DOI: 10.1039/C6CE01842D DOI Help

Authors: Alexis S. Munn (Department of Chemistry, University of Warwick) , Franck Millange (Département de Chimie, Université de Versailles-St-Quentin-en-Yvelines, Université Paris-Saclay) , Michel Frigoli (Institut Lavoisier Versailles, UMR CNRS 8180, Université de Versailles St-Quentin-en-Yvelines, Université Paris-Saclay) , Nathalie Guillou (Institut Lavoisier Versailles, UMR CNRS 8180, Université de Versailles St-Quentin-en-Yvelines, Université Paris-Saclay) , Clément Falaise (Université de Lille) , Victoria Stevenson (Université de Lille) , Christophe Volkringer (Université de Lille; Institut Universitaire de France) , Thierry Loiseau (Université de Lille) , Giannantonio Cibin (Diamond Light Source) , Richard I. Walton (Department of Chemistry, University of Warwick)
Co-authored by industrial partner: No

Type: Journal Paper
Journal: Crystengcomm , VOL 18 , PAGES 8108 - 8114

State: Published (Approved)
Published: October 2016
Diamond Proposal Number(s): 14758

Abstract: A thiol-modified version of the porous metal organic framework MIL-53 is synthesised in a single step using the functionalised linker precursor 2,5-dithiol-1,4-benzenedicarboxylic acid and aluminium as the framework metal. Careful washing is needed to remove unreacted and dimerised linker from the material after synthesis, but once performed profile fitting of powder X-ray diffraction shows that thiol-modified MIL-53(Al) presents a closed, narrow-pore, structure with unit cell volume ∼1103 Å3 (space group C2/c).
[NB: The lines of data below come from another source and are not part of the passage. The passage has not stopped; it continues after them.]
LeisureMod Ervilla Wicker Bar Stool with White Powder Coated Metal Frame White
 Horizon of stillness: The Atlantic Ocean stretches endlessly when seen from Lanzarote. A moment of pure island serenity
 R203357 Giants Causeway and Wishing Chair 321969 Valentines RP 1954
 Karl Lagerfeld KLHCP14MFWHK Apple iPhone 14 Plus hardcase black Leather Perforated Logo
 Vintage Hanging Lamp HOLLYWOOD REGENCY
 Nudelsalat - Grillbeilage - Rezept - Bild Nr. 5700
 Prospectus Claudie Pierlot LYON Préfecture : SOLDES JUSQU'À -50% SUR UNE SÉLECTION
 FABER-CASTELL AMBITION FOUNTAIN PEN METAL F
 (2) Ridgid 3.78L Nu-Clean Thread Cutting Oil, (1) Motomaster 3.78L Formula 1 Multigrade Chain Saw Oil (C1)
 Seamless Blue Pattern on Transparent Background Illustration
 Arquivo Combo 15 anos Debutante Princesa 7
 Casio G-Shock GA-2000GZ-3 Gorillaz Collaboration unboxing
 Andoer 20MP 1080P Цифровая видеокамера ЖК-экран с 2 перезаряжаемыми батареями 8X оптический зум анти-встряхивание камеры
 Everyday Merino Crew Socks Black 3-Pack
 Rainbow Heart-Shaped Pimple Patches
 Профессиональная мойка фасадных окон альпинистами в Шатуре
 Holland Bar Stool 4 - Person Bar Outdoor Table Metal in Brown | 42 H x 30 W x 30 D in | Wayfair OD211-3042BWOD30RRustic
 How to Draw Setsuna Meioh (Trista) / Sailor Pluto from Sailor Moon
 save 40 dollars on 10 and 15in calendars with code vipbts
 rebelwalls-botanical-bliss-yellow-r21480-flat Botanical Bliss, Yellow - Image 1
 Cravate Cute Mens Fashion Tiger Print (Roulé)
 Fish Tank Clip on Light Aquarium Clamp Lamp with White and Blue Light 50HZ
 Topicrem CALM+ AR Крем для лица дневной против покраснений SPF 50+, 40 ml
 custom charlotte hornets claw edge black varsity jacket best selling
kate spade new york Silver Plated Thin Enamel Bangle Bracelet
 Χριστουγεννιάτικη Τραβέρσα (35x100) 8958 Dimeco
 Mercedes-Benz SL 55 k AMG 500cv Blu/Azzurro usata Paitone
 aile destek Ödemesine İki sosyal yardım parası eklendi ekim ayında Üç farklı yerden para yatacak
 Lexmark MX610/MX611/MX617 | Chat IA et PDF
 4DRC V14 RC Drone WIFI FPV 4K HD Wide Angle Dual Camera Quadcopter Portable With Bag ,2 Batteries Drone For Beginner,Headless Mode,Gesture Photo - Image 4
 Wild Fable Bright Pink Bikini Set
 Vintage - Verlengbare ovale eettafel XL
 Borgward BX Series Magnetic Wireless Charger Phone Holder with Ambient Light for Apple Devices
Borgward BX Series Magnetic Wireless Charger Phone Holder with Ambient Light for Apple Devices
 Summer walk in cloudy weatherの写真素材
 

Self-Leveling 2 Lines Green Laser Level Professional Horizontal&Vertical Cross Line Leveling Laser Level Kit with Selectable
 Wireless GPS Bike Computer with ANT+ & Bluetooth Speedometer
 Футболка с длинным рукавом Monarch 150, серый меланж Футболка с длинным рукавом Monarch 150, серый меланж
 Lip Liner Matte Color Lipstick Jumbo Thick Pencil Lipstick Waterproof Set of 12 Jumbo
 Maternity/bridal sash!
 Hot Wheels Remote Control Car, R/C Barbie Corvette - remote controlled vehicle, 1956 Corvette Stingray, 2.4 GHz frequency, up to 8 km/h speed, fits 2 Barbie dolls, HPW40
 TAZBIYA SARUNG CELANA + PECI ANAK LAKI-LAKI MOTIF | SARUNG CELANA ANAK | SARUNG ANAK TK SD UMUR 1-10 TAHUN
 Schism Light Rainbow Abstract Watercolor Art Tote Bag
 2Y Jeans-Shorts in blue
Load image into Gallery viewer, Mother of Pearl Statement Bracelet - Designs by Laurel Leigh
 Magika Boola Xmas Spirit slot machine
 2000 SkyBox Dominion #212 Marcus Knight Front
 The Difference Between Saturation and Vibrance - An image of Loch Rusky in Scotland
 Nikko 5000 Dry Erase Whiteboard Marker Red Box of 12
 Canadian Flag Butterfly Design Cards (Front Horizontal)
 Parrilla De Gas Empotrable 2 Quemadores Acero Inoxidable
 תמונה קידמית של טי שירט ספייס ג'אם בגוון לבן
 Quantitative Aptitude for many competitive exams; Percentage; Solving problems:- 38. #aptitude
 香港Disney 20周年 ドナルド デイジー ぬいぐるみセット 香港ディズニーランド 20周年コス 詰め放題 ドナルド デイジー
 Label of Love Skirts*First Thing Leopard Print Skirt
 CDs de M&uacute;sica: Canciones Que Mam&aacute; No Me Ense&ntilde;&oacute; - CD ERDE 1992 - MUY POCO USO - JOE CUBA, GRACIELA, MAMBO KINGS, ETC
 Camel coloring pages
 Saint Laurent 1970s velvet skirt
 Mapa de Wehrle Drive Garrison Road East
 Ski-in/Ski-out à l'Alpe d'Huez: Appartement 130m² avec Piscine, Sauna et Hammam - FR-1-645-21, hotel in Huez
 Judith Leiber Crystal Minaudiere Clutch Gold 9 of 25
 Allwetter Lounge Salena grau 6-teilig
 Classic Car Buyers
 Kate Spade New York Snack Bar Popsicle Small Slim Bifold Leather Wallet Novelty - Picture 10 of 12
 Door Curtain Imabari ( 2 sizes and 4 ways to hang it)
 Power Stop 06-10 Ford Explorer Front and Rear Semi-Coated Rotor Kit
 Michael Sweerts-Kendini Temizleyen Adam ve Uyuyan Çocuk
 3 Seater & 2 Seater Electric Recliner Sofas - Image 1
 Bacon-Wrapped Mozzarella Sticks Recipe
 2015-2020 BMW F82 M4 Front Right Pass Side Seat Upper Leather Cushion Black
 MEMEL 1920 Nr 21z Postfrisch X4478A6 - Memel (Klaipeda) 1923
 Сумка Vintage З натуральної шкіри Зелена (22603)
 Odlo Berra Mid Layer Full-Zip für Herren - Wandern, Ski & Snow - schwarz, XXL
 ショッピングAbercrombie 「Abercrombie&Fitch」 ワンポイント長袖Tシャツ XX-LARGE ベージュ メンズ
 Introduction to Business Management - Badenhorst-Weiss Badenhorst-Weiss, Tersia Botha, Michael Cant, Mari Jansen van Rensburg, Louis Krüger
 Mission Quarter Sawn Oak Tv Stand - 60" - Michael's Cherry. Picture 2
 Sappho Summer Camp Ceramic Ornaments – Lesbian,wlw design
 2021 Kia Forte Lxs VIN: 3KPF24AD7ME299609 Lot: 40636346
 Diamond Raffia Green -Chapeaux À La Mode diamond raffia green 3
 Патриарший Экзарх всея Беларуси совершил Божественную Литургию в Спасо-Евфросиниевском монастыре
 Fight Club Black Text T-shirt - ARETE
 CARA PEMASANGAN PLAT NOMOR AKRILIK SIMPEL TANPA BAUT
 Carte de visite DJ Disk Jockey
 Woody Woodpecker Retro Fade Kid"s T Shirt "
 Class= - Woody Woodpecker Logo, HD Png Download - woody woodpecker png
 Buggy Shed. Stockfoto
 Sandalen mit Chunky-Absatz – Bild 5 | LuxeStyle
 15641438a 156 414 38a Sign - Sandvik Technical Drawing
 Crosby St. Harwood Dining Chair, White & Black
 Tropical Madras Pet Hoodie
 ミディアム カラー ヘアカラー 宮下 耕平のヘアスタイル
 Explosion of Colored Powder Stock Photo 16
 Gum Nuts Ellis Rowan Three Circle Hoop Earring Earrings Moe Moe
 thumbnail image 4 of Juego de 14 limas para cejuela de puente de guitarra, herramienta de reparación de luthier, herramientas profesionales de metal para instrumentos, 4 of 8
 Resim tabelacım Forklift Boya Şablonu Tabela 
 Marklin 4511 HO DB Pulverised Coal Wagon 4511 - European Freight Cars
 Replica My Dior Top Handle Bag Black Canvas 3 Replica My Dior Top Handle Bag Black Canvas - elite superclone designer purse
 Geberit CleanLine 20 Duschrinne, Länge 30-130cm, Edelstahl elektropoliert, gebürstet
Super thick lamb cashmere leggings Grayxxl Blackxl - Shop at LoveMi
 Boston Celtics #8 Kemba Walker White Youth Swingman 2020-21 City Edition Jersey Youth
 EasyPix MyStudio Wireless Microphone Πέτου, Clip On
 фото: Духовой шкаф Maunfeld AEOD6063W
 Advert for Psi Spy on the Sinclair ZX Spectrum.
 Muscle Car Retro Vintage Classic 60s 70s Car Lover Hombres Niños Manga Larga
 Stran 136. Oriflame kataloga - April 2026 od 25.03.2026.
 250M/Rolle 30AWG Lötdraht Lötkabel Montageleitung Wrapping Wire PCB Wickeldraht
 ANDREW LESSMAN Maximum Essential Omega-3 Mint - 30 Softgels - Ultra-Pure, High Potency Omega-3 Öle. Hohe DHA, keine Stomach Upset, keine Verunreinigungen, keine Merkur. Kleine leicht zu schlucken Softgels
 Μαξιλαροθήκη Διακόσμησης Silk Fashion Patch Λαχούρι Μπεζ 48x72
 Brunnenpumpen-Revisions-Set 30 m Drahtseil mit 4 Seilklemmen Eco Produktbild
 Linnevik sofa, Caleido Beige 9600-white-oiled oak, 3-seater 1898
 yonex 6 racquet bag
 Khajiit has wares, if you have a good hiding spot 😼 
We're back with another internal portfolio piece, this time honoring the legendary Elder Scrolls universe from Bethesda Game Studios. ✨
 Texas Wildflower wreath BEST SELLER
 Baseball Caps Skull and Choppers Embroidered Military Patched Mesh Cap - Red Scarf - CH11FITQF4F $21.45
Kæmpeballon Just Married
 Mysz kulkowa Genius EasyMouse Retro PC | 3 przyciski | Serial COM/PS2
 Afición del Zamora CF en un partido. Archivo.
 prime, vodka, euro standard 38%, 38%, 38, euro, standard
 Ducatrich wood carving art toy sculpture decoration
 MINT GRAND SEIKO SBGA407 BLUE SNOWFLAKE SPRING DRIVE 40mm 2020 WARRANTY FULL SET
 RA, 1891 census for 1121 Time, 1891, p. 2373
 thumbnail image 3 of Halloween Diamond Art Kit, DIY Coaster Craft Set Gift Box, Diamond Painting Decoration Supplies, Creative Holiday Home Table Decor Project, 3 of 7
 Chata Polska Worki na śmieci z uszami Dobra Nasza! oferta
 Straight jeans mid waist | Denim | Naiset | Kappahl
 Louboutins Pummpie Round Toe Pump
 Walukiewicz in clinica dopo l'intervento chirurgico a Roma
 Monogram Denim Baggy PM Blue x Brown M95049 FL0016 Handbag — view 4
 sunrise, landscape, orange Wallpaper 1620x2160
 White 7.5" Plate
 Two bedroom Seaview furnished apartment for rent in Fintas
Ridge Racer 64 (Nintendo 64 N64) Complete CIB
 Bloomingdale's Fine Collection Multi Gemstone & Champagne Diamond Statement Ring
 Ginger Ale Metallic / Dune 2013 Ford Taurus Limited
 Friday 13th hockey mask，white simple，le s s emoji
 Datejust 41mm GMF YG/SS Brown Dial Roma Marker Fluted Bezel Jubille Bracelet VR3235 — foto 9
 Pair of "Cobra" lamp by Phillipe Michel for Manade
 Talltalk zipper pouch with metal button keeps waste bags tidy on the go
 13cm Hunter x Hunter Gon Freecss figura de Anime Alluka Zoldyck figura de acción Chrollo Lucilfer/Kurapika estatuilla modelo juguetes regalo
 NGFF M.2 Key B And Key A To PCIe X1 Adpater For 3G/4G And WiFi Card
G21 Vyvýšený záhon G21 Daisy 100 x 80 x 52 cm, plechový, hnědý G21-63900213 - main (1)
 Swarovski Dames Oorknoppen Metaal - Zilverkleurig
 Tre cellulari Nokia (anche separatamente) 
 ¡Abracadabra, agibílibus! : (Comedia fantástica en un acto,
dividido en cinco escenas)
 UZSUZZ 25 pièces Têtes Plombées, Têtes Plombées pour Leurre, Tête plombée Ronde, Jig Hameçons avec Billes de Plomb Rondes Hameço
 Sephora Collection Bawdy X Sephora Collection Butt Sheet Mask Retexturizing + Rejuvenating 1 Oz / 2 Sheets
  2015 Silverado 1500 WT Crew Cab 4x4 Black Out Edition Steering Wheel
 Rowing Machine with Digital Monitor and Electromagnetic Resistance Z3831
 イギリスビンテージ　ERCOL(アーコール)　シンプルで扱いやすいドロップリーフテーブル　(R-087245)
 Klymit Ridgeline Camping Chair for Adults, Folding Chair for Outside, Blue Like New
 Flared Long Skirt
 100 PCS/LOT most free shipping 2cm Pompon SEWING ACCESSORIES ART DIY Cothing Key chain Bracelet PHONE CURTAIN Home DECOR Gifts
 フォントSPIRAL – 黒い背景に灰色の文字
The presence of intact thiol groups is confirmed using sulfur K-edge XANES spectroscopy and IR spectroscopy, while nitrogen BET surface area analysis and krypton and xenon adsorption isotherms reveal the porosity of the material. The thiol-modified solid is capable of iodine adsorption from the vapour phase and from solution and an equilibrium uptake of ∼325 mg per g is reached, which is higher than other reported modified forms of MIL-53. Infrared spectroscopy shows the disappearance of the S–H stretch after iodine adsorption, while sulfur K-edge XANES shows a complex spectrum, consistent with the formation ofsulfenyl iodide but also oxidation of some sulfur to disulfide having occurred. We therefore propose that formation of covalent S–I bonds allows the sequestration of iodine by the porous solid, but that a proportion of the thiol groups are also in close enough proximity for the formation of disulfide links.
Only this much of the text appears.